By Jean Christou
A bill to enable and protect whistleblowers is to be submitted to the cabinet shortly, Justice Minister Ionas Nicolaou said on Thursday.
Addressing a conference in Nicosia organised by Transparency International Cyprus titled ‘Speak Up’, Nicolaou , said it was important to empower civil society to help fight corruption.
“The idea of the whistleblower can become a catalyst for this but so far Cyprus has no specific legislation to protect complainants when it comes to transgressions either in the public or private sectors,” the minister said.
“To this end, the ministry of justice and public order has prepared a bill. It will be called the Reporting Acts of Corruption Law, which will be submitted shortly for approval to the cabinet.”
He said the bill provided for the protection of the complainant as long as the person is not using it for personal gain. They must also provide the attorney-general, or where appropriate the competent authority, with information they reasonably believe reveals a corruption offence, or one they believe is about to be committed.
People also need to know the exact procedures to follow, what the protection measures will be in place to they can be more encouraged to report in a way that makes them feel secure.
“Corruption is a problem for everyone. Zero tolerance is required as is a collective response, which means changing our culture,” said Nicolaou.

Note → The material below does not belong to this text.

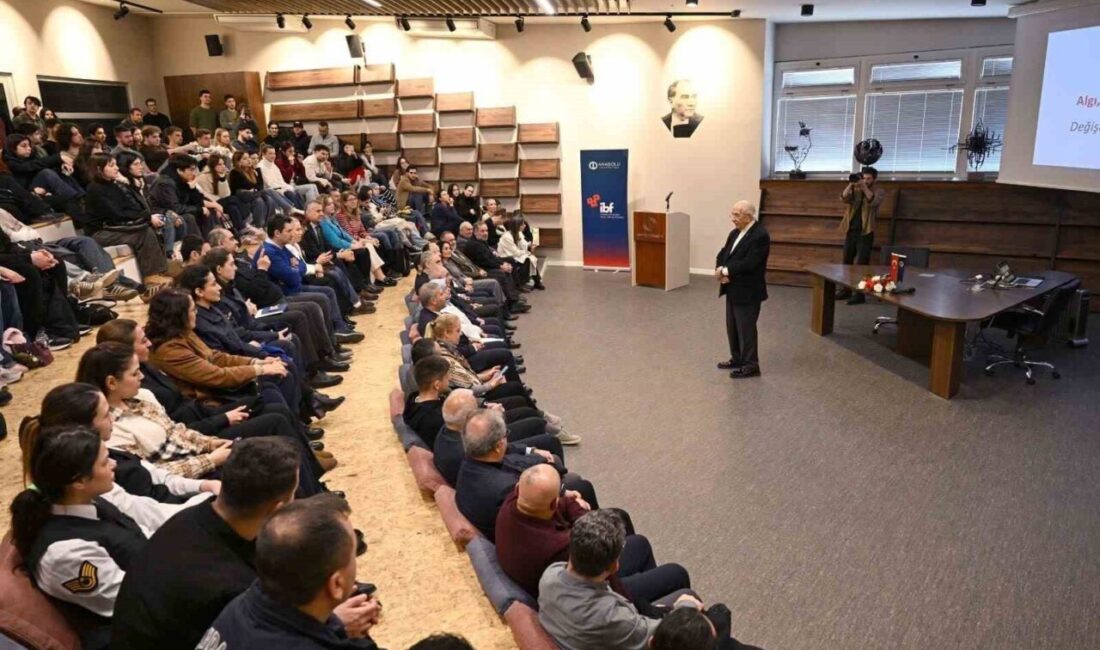 Anadolu Üniversitesi’nde düzenlenen “İletişim Buluşmaları”na konuk olan Ali Saydam, öğrencilere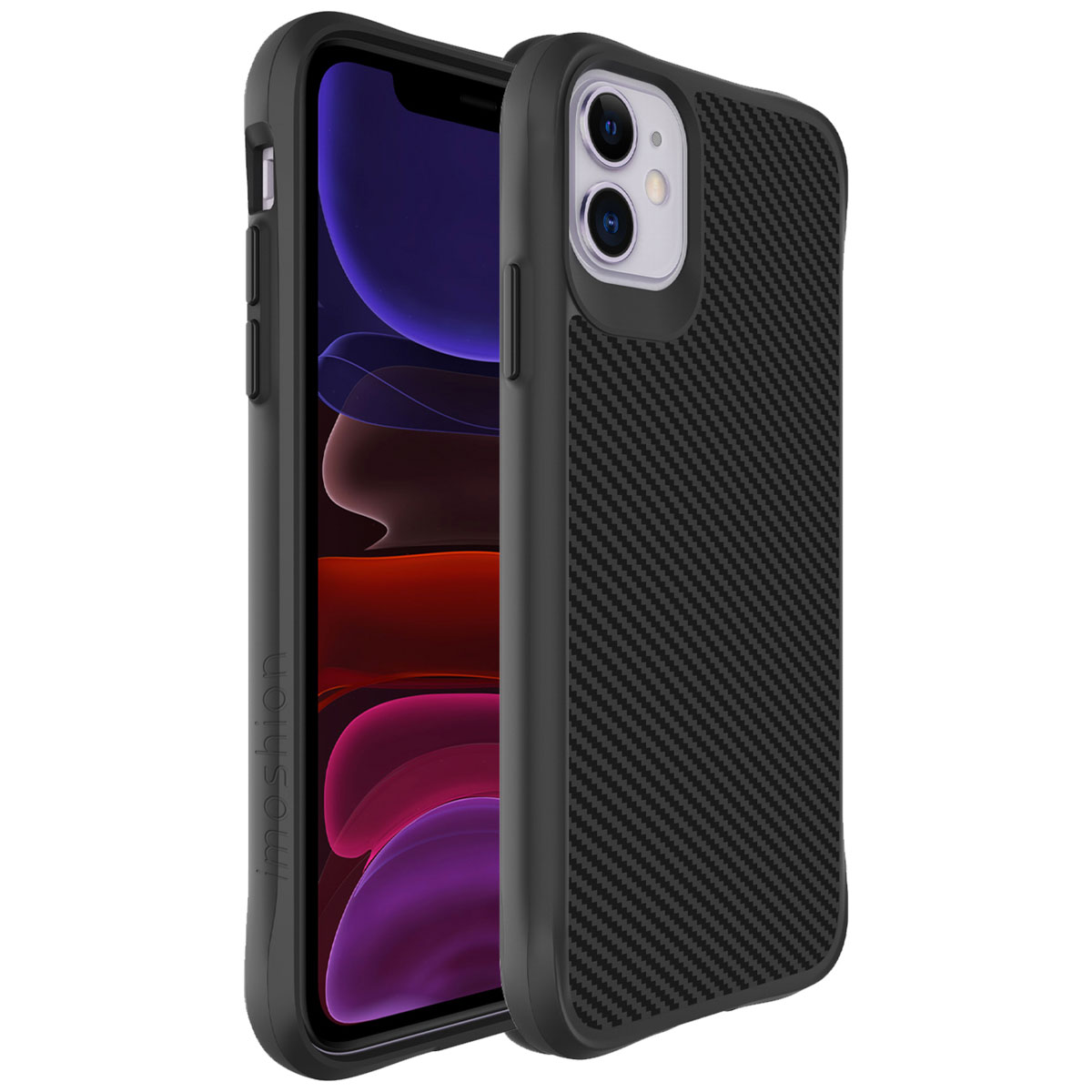 Un étui de téléphone noir avec un design en fibre de carbone est à côté d'un téléphone. Le téléphone est visible.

“The state has a duty to encourage the disclosure of information about a corrupt, illegal or harmful practices in any institution in the public or private sector as it threatens the public interest,” he added.
He said police had already established a monitoring-corruption group, in cooperation with the Unit for Combating Money Laundering (MOKAS).
Nicolaou also congratulated Transparency, saying the organisation’s goal and the government’s one was a common one.
In addition to the whistleblower legislation, the government, he said was working on a comprehensive national strategy to combat corruption to cover both prevention and cure.
A committee under the coordination of the ministry of justice for the preparation of the national strategy had been formed, he added.
This will focus on prevention, education, awareness, enforcement, compliance and accountability.
“It is certain that corruption, whatever form it takes, endangers democracy, undermines good governance, negatively affects economic development, and reduces the effectiveness and development of the state,” Nicolaou said.
“The damage caused is not only in the form of economic costs but it has wider negative effects such as significant undermining of public confidence towards the institutions and the state, and to any notion of democracy.”